Negotiating Across Borders: How to Bridge the Cultural Divide
Most advice on cross-cultural negotiations is heavy on Culture. By country or region, executives are classified according to preferences for personal space, promptness, nonverbal communication, respect, and authority. And while knowing that your Japanese counterpart may avoid conflict while your French one is comfortable issuing threats might come in handy, those potential differences are no place to start.
Wharton professor and negotiation expert G. Richard Shell notes, “You have to start with the personal. Everyone has a bargaining style, and that should be your focus at the beginning. Who is this person, what do they want, and how are they likely to try to get it?”
Shell, who leads Wharton’s Executive Negotiation Workshop, says “Stereotypes get in the way.

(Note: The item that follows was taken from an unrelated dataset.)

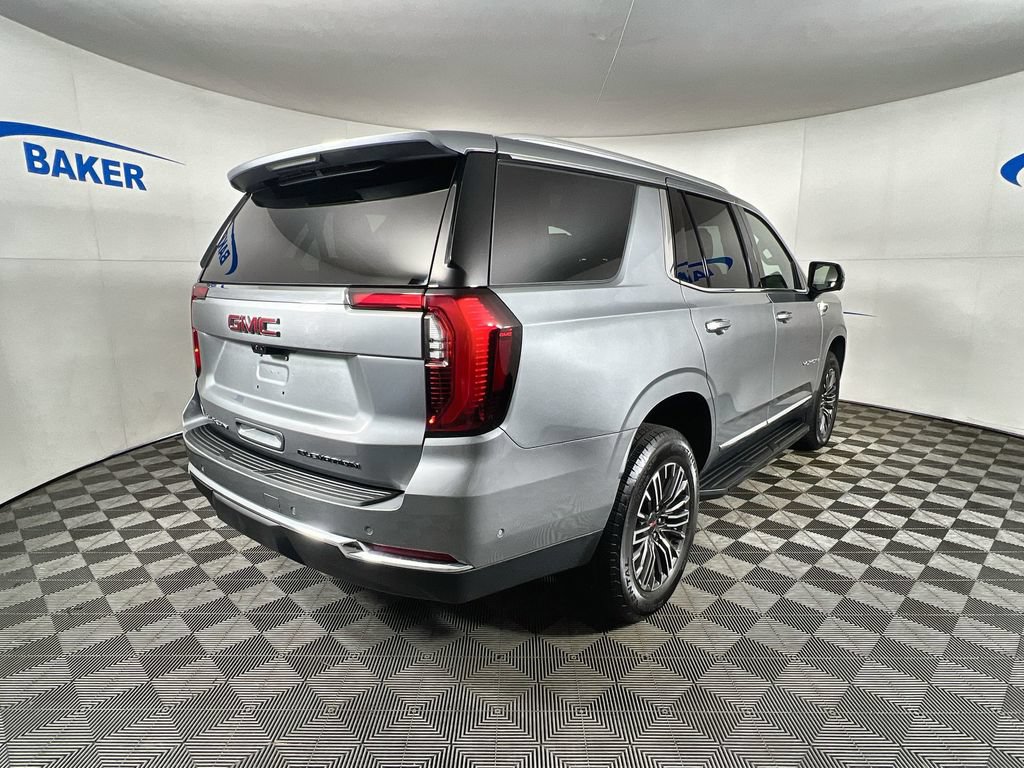 Used 2025 GMC Yukon Elevation w/ Elevation Premium Package AWD/4WD image 9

They make you think you know more than you really do. A generalization about all Russians or all Nigerians doesn’t take into account that cultural differences are more pronounced, for example, between urban and rural negotiators no matter the country.”
Niklas Andreen, a vice president and managing director at Travelport who recently attended the program, agrees. “What makes Richard’s approach different is the focus on interpreting the lay of the land, trying to find out someone’s style. Culture is an overlay rather than a staging point. Take into account what you know of their culture, but don’t assume it applies to the person — that can lead to mistakes. Their personality might not match the stereotype. Don’t assume.”
Andreen continues, “But that’s not always easy. I negotiate with people across the world, and I as a European, like everyone else, have preconceived notions of what other cultures are like. You have to leave that out and start with the principles. First, you have to spend some time getting to know each other, observing the other person’s style. Then, don’t start with the bone of contention. Decide on some areas where you could both benefit. Whether you are from Abu Dhabi, the U.S., or South America, it is much easier to have a discussion when you start with the wider picture — areas of commonality. Then you deal with the personality and culture.”
The Executive Negotiation Workshop provides many opportunities for face-to-face cross-border bargaining, as the program typically includes executives from diverse cultural backgrounds and includes twice-daily negotiations. Reality isn’t always that simple, says Andreen. “It is almost always more convenient to email, call, or have a phone or video conference than it is to meet in person. But knowing now about the importance of getting to know the other negotiator’s personality and observing their styles, I believe the first meeting for almost all types of negotiations has to be in person.”
Email in particular, he says, can lead to many problems. “When you are communicating by email across cultures in a language that is not your first, it is complicated. I therefore try hard not to reply to an email if we disagree — I pick up the phone. It is easy to misinterpret someone in an email, and it can cause a lot of confusion and irritation. The more international your business becomes, the harder it can be to communicate. You have to start building trust, and I doubt you can do that electronically.
“Negotiation is nothing more than communication with different starting positions,” says Andreen. “Knowing what those positions are, and understanding the people who hold them as opposed to making assumptions about who they are, is how you get to a good resolution.”